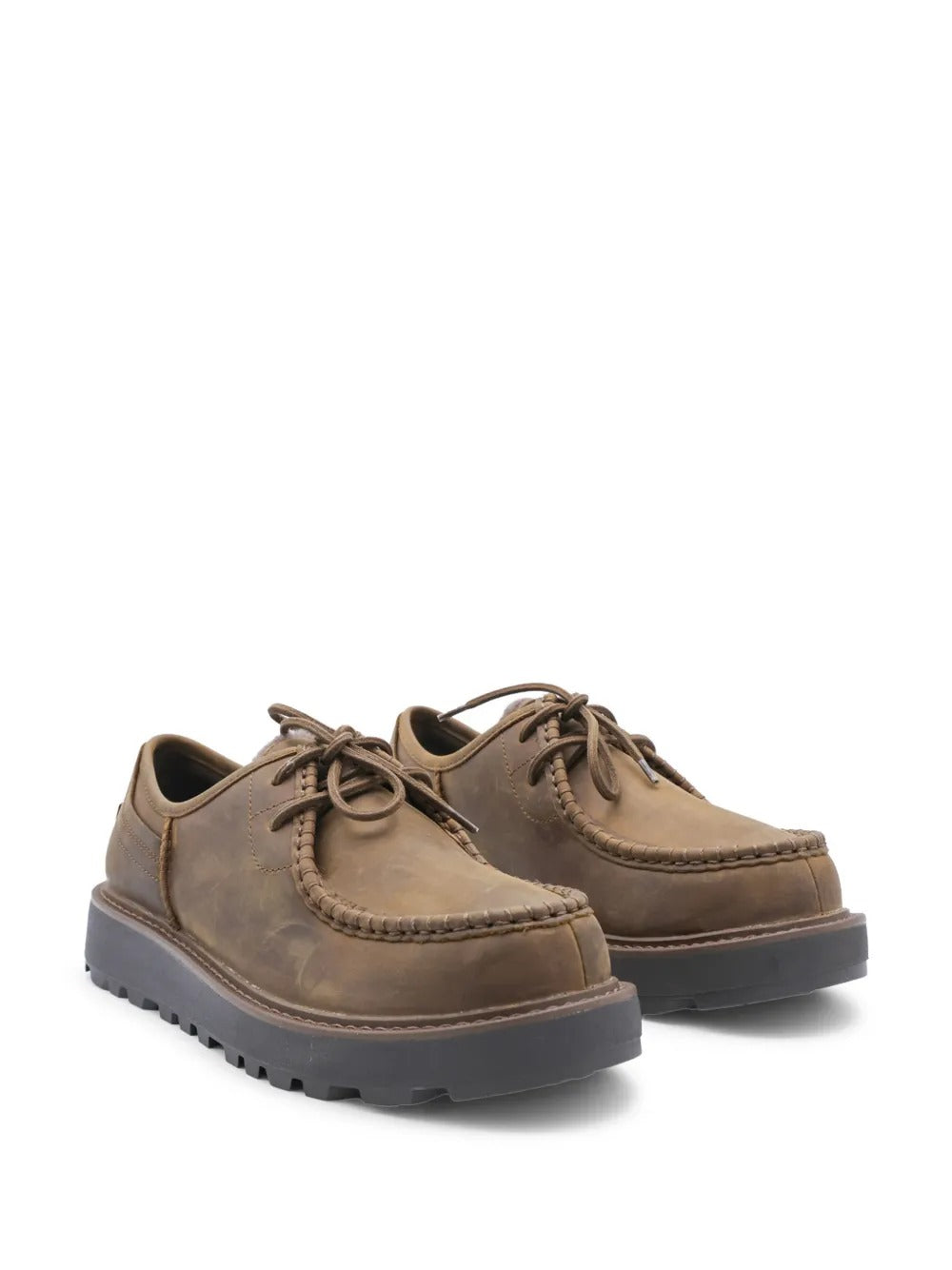 mocassini chukka uomo marroni 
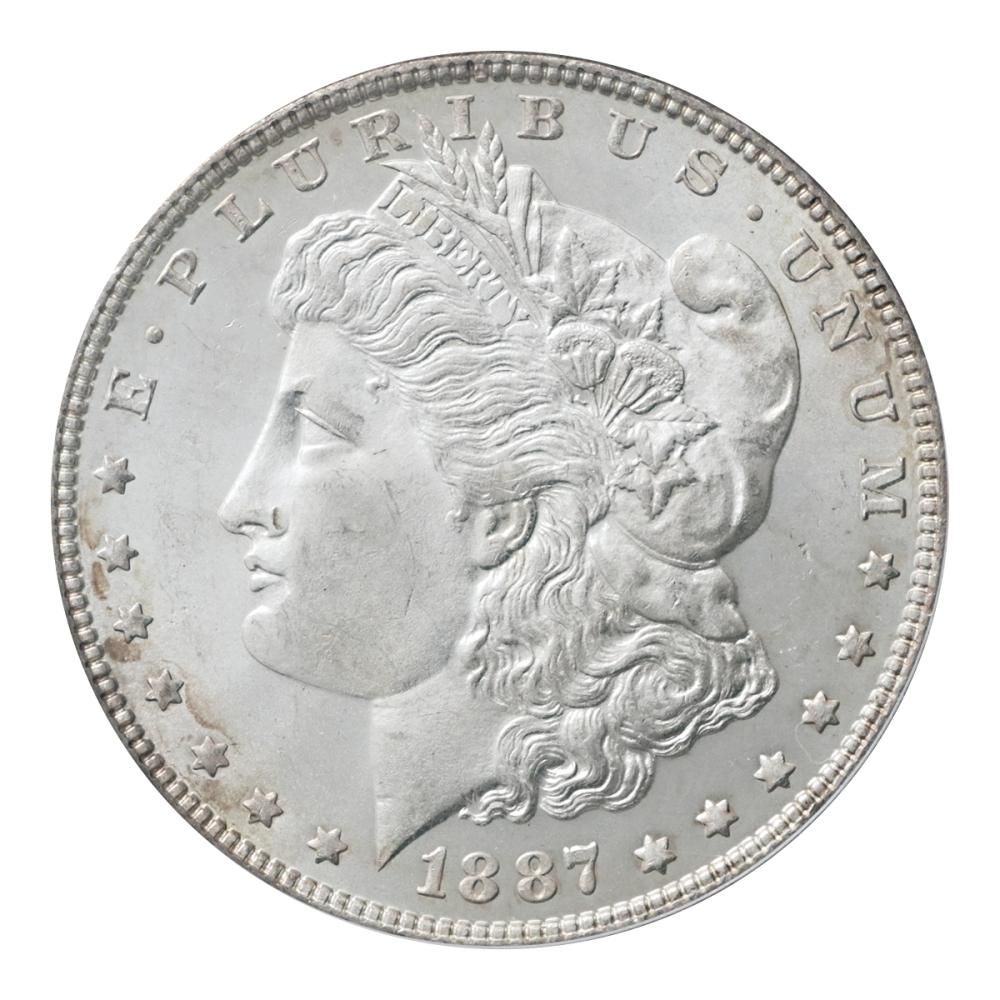 アメリカ 1887年 1ドル銀貨 モルガンダラー PCGS MS64PL - セキグチは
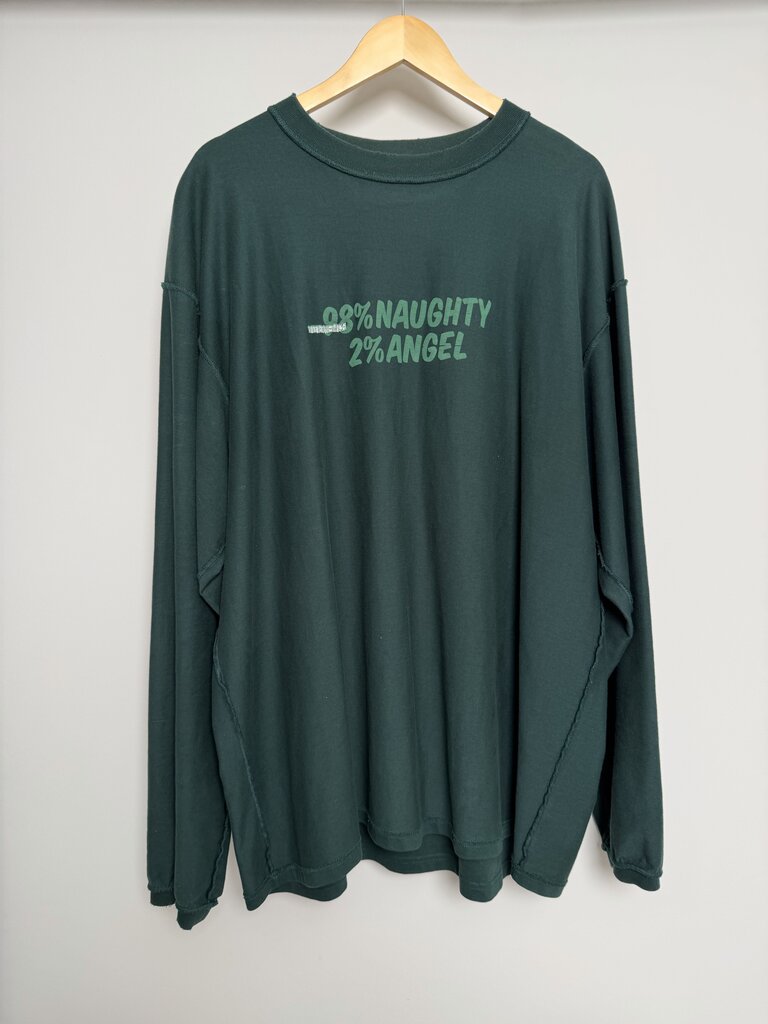 Preowned Vetements Green 98% Naughty 2% Nice L/S size M(2XL)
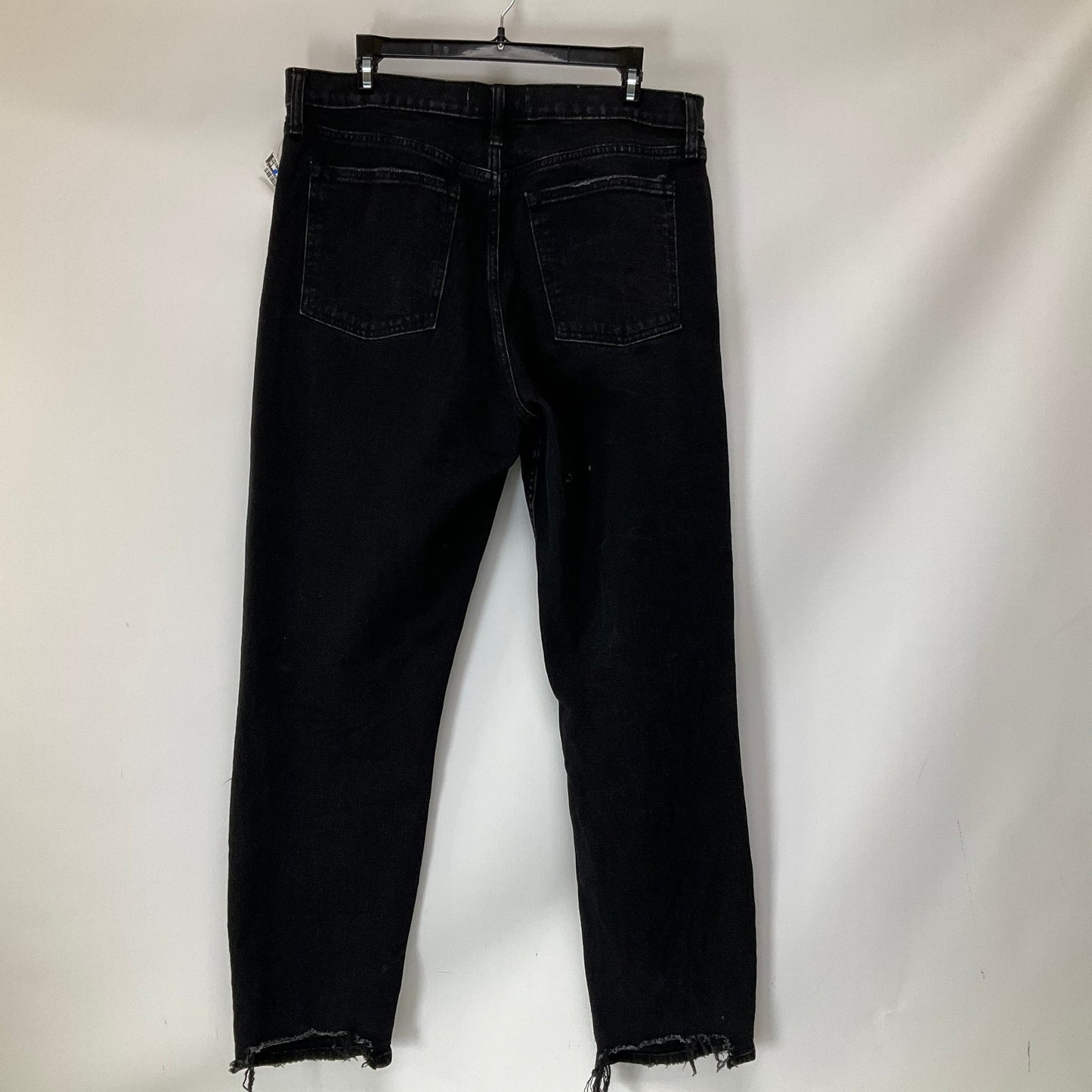 Jeans Boyfriend By Abercrombie And Fitch In Black Denim, Size: 12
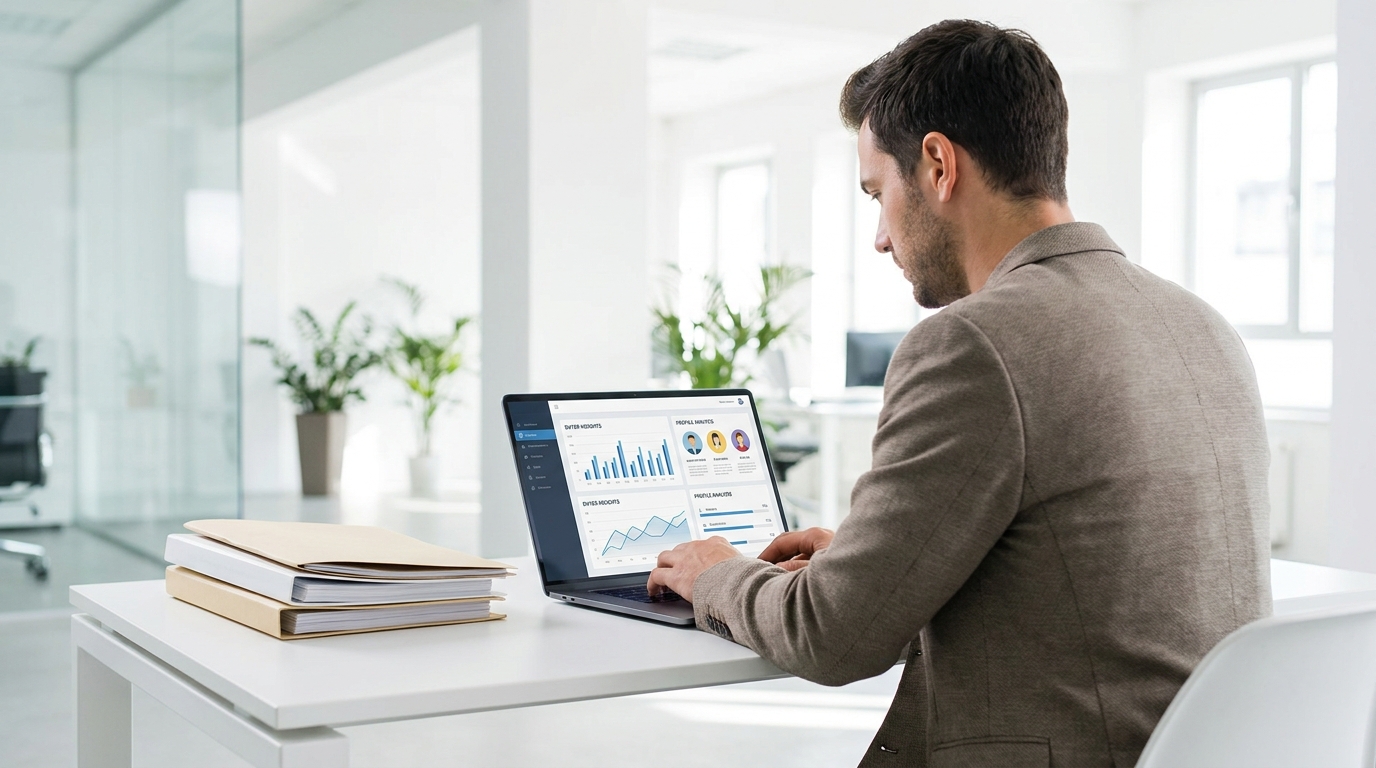 export document presentation software dashboard screenshot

Task brief =>
Print the lines from the one that contains "Preowned Vetements Green" through the last line of the data, exactly and in full, and no other lines. Pictures are not part of the copy.

Problem solution =>
 Preowned Vetements Green 98% Naughty 2% Nice L/S size M(2XL)
 Jeans Boyfriend By Abercrombie And Fitch In Black Denim, Size: 12
 export document presentation software dashboard screenshot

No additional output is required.